- [Prompt]:
When you reach the line with "image for item", start repeating the lines exactly and keep going to the end of the records, but drop every picture.
────────
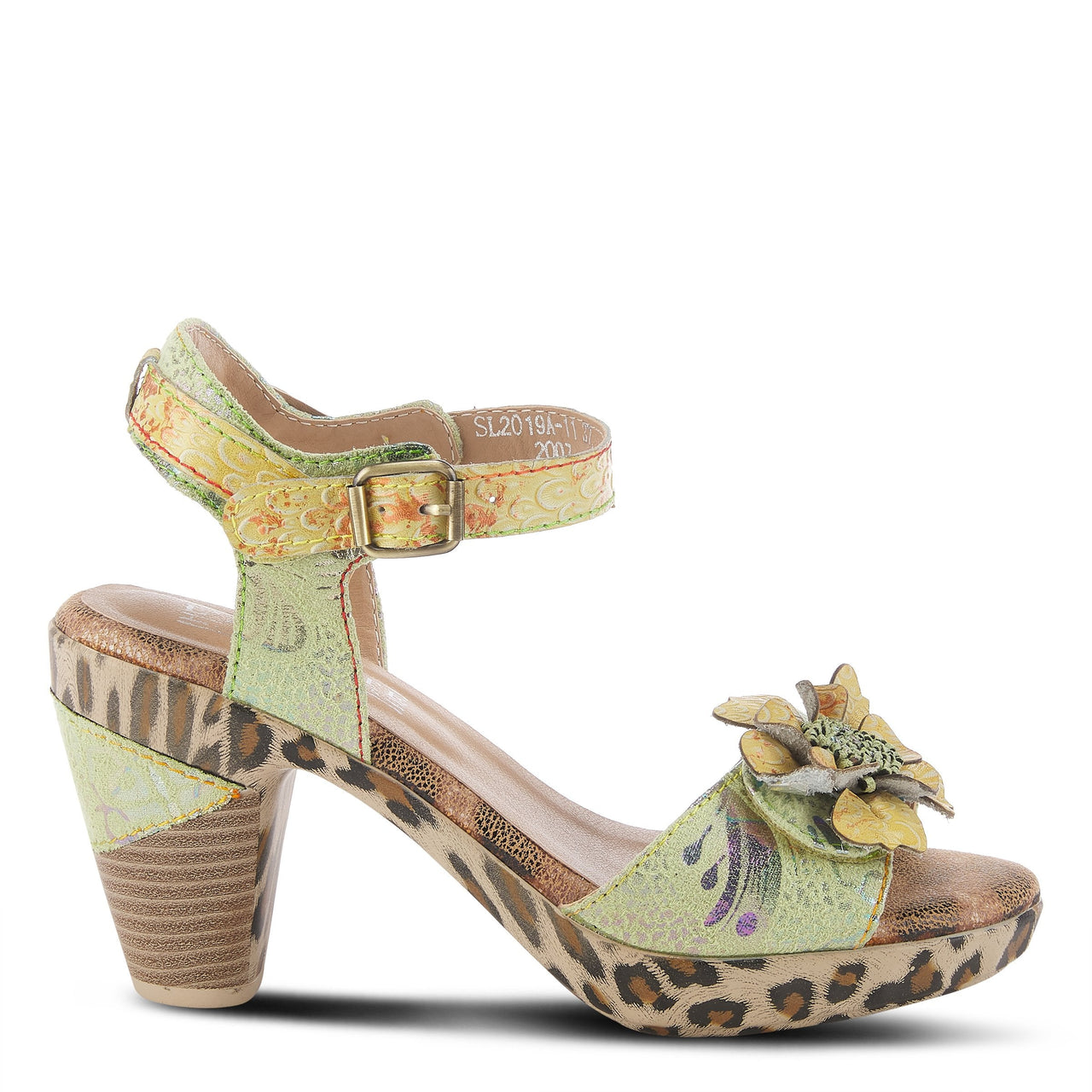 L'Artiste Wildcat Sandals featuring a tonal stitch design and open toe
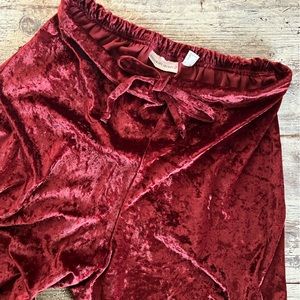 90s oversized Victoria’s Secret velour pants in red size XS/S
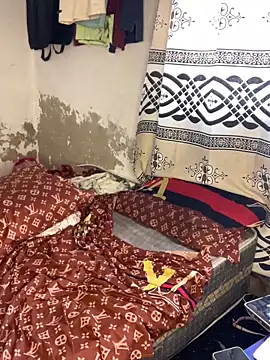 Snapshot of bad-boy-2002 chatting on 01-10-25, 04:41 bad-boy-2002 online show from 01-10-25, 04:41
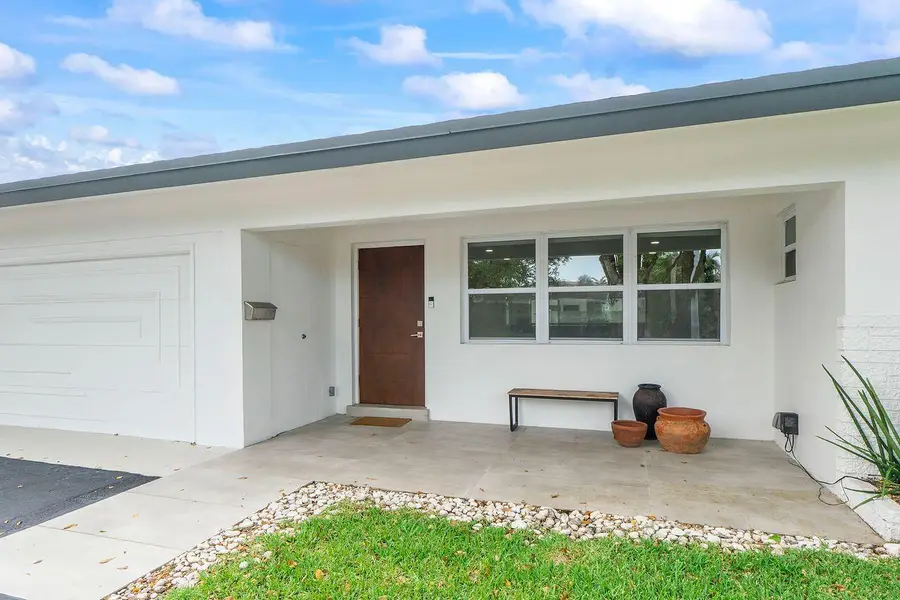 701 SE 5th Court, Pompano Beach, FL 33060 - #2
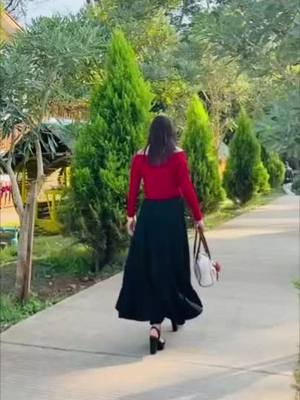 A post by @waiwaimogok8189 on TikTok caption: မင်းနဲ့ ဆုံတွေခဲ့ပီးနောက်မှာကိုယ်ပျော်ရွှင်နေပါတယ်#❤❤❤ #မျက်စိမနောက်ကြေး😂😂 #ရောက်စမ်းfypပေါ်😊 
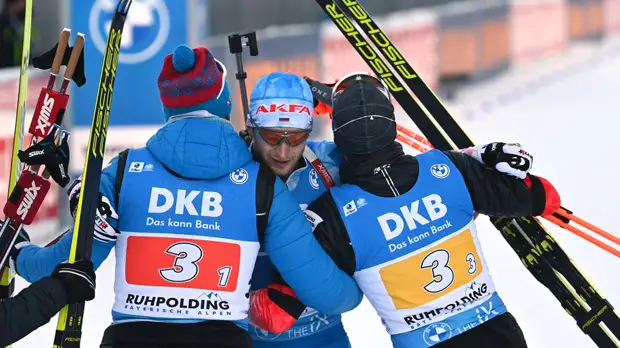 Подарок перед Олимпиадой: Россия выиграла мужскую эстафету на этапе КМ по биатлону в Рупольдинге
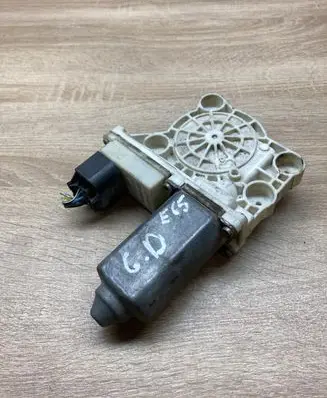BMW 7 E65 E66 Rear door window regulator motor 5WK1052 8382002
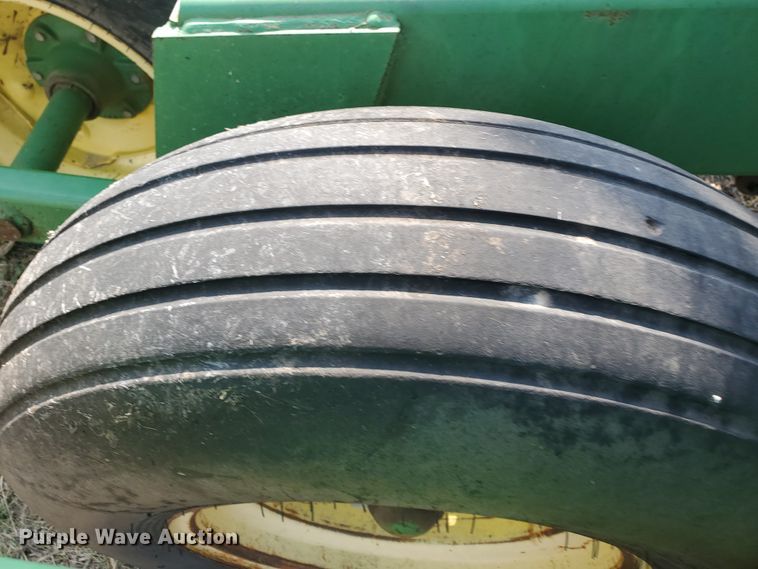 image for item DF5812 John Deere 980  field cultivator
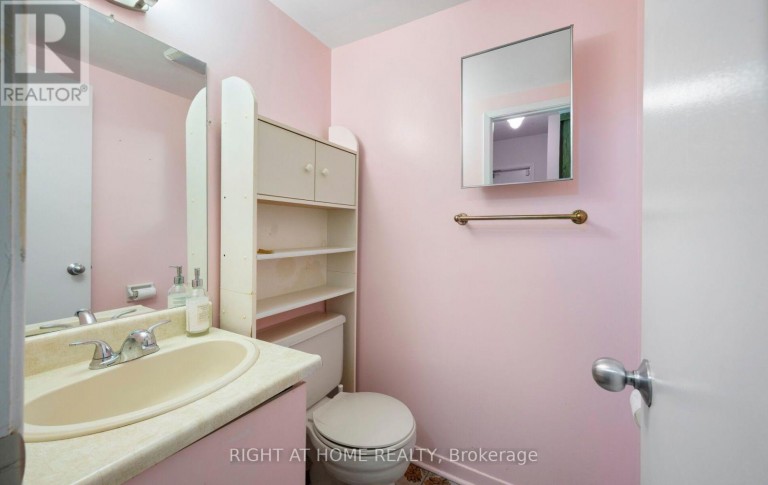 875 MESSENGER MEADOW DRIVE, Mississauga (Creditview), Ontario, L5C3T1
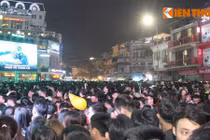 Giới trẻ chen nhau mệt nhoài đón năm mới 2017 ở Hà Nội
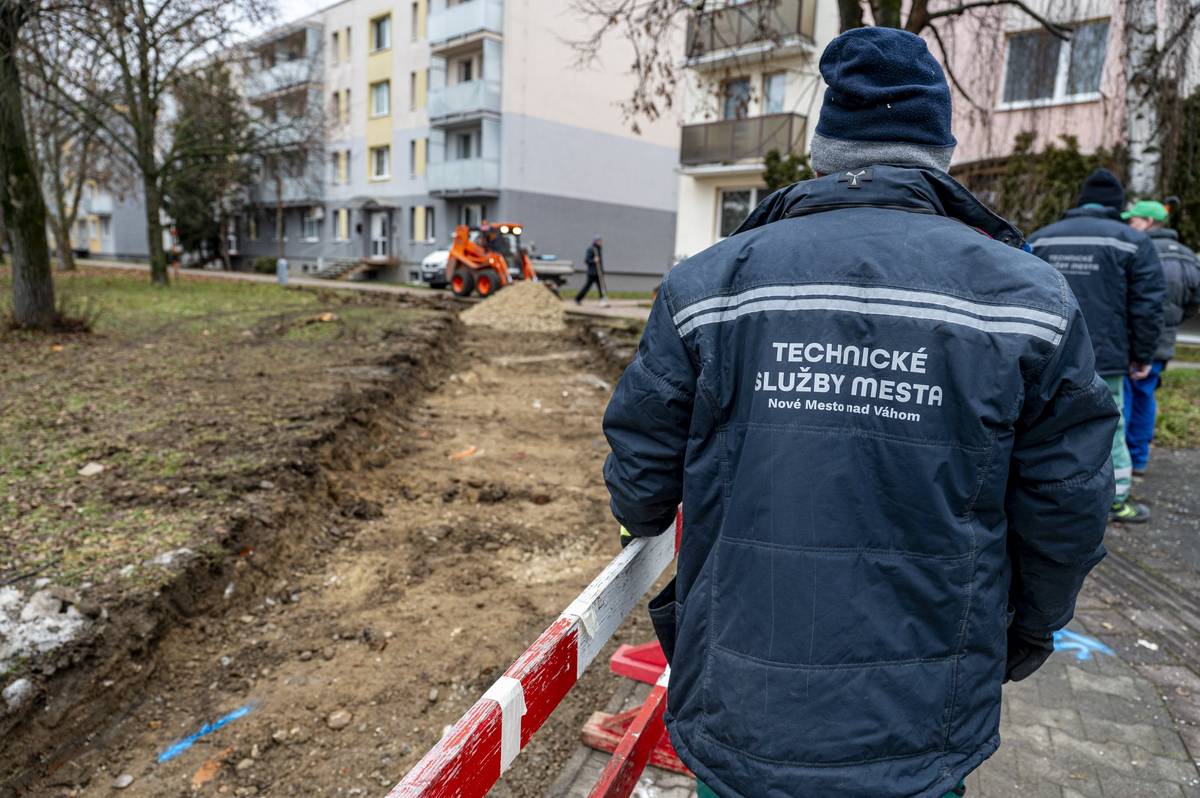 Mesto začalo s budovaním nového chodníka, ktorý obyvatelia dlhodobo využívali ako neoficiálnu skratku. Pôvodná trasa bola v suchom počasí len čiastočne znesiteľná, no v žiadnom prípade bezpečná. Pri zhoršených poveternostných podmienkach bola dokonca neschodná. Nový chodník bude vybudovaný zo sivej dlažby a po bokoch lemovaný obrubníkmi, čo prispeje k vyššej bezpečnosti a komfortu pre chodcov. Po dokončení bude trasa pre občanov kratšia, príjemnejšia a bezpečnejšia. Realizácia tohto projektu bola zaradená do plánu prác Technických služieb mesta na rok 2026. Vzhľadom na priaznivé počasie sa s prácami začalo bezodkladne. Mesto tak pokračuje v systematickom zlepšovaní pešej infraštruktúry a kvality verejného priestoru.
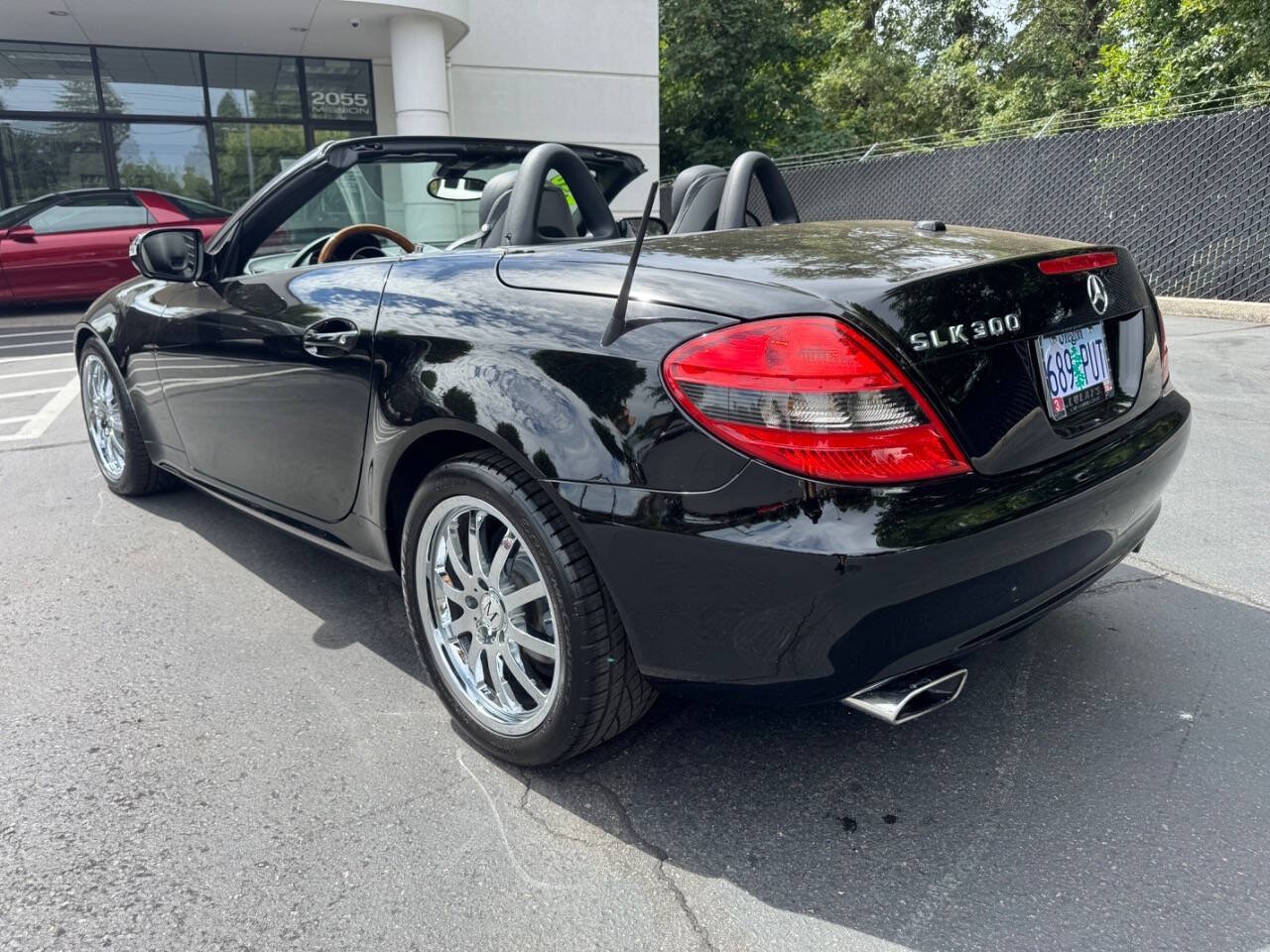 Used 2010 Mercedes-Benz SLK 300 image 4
────────
- [Output of the task]:
 image for item DF5812 John Deere 980  field cultivator
 875 MESSENGER MEADOW DRIVE, Mississauga (Creditview), Ontario, L5C3T1
 Giới trẻ chen nhau mệt nhoài đón năm mới 2017 ở Hà Nội
 Mesto začalo s budovaním nového chodníka, ktorý obyvatelia dlhodobo využívali ako neoficiálnu skratku. Pôvodná trasa bola v suchom počasí len čiastočne znesiteľná, no v žiadnom prípade bezpečná. Pri zhoršených poveternostných podmienkach bola dokonca neschodná. Nový chodník bude vybudovaný zo sivej dlažby a po bokoch lemovaný obrubníkmi, čo prispeje k vyššej bezpečnosti a komfortu pre chodcov. Po dokončení bude trasa pre občanov kratšia, príjemnejšia a bezpečnejšia. Realizácia tohto projektu bola zaradená do plánu prác Technických služieb mesta na rok 2026. Vzhľadom na priaznivé počasie sa s prácami začalo bezodkladne. Mesto tak pokračuje v systematickom zlepšovaní pešej infraštruktúry a kvality verejného priestoru.
 Used 2010 Mercedes-Benz SLK 300 image 4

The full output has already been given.